By Ernest Luning
THE COLORADO STATESMAN
DENVER — Sen. Michael Bennet brushed a dog last week to help make his point that Senate Republicans should stop blocking legislation aimed at freeing up credit for small businesses.
During a stop last Thursday at The Wag Shop, a Capitol Hill dog grooming parlor, Bennet visited with a bushy Australian Shepherd mix named Sadie and heard from the store’s owners, who said the tight credit market is stalling plans to expand their business.
Bennet used the occasion to call on Ken Buck, his Republican opponent, to support the Small Business Jobs Act — a piece of legislation passed by the House of Representatives but bunched up in the Senate for months because of GOP opposition — but this week a spokesman for Buck said he would decline the offer.
Wag Shop owner Deidre Hered said she recently spent months applying for a loan from her business’s community bank but was only able to pry loose $10,000 — half what she’d requested — to hire more employees, add health insurance benefits and update her shop’s equipment and furnishings.
“I think we could get a personal credit card and put $20,000 on it faster than we could get a loan for our business,” Hered said. She added that there appears to be plenty of consumer demand to warrant growing her business but the tight credit hampers those plans.
The bill establishes a $30 billion fund to encourage community banks to lend to small businesses and sets $12 billion in tax cuts and credits for small businesses, as well as expanding the Small Business Administration loan guarantee program. Proponents say it’s one piece of what’s needed to spark the moribund economy.
President Barack Obama pleaded this week with Congress to pass the bill after the August recess. “I ask Senate Republicans to drop the blockade,” Obama said in remarks delivered from the Rose Garden on Monday.

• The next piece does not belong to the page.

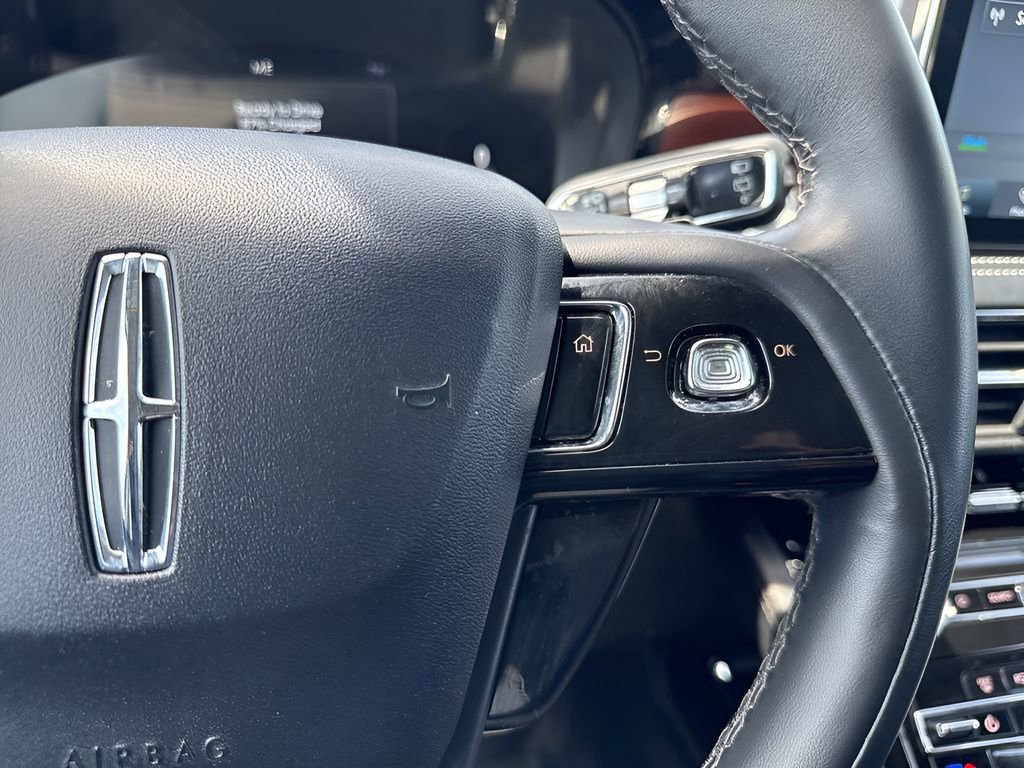 Used 2022 Lincoln Corsair Grand Touring AWD/4WD image 16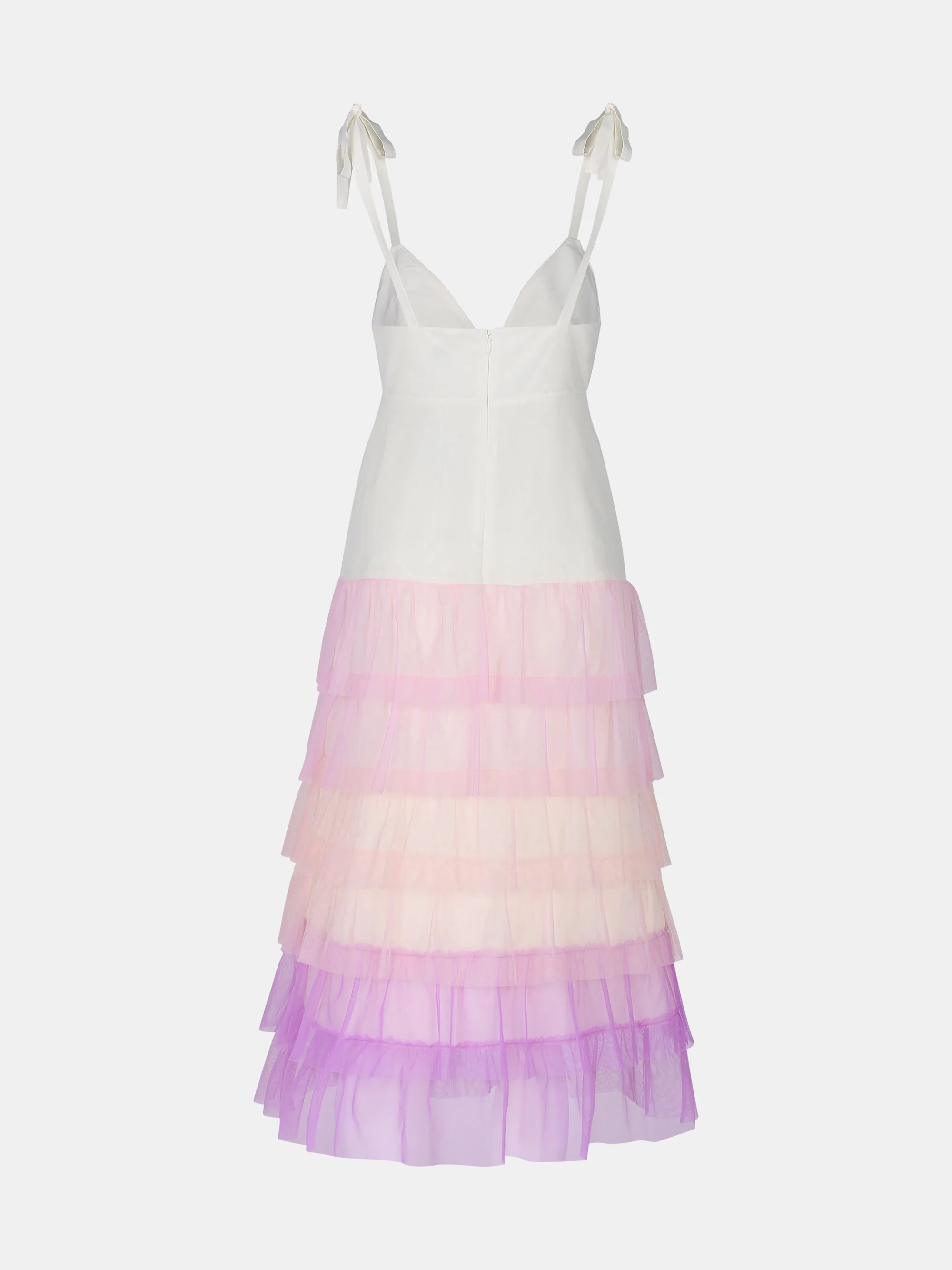 Angelica Maxi Dress - Rainbow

Republicans say the bill won’t accomplish what Democrats promise, but Obama claimed “there’s no reason to block it besides pure partisan politics.”
“My hope is when we go back in September the first piece of business will be to debate and pass this bill,” Bennet said last week. “It’s high time we stop playing these political games and actually did some things that would have a material affect immediately on small business owners like Deidre.”

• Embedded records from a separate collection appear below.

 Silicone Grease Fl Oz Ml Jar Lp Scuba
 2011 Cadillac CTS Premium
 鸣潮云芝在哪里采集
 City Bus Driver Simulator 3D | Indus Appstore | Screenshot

Buck disagreed. “The bill aims at trying to answer the right question,” said Buck campaign spokesman Owen Loftus. “Unfortunately, it gives the wrong answer.” He said the bill creates “a top-down approach with strings attached,” and suggested Bennet should reexamine the Democratic agenda if he wants to spur small business activity.
“What they should do is, Bennet should drop supporting Obama’s plans to raise taxes on small businesses representing 20 million workers, stop running a deficit and work on a health care bill that provides certainty to small business,” Loftus said. “Those are the main things we need to do in order to create jobs here in Colorado.”

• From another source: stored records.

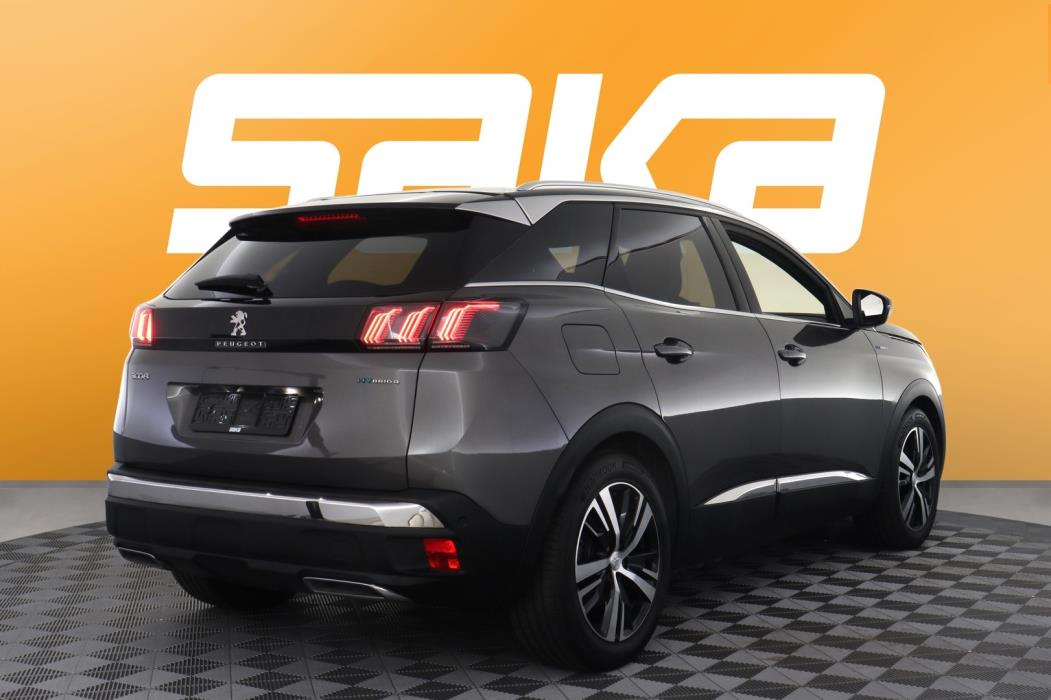 PEUGEOT 3008 2021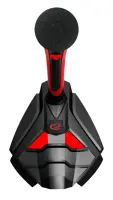 ESPERANZA GAMING MICROPHONE PREDATOR RED – pilt 2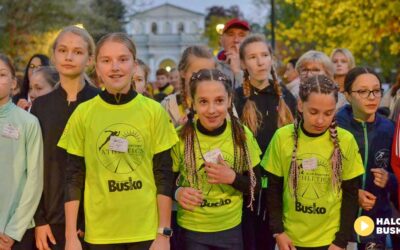 Rusza nabór do KS Athletics Busko-Zdrój – zajęcia z lekkoatletyki dla dzieci i młodzieży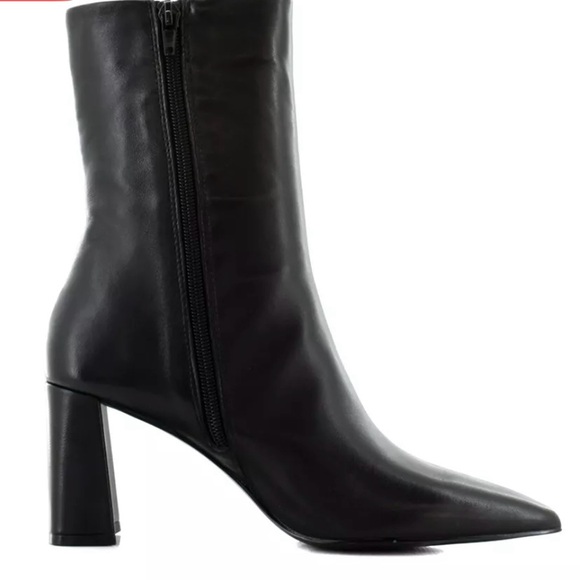 Brand New Steve Madden Nicolette Black Womens boots Size 5.5 - Picture 11 of 12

At The Wag Shop, Bennet blasted Senate Republicans for using “partisanship and abuse of the rules” to stall consideration of the bill, which he said is “perfectly targeted” toward businesses like one filled, at that moment, with wet dogs. He also said any concerns about the cost of the bill are misguided. “This bill is completely paid for — no deficit attached to this bill whatsoever. Part of what getting out of these deficits is about is generating economic growth.”
Regardless of what happens, Hered likely has another customer. Bennet, who lives nearby, said he and his wife have told their three daughters they’ll get a dog after the election — whatever the outcome — though he added that he’s not prepared to discuss what kind of dog just yet.
“Win or lose, they get a dog,” he said.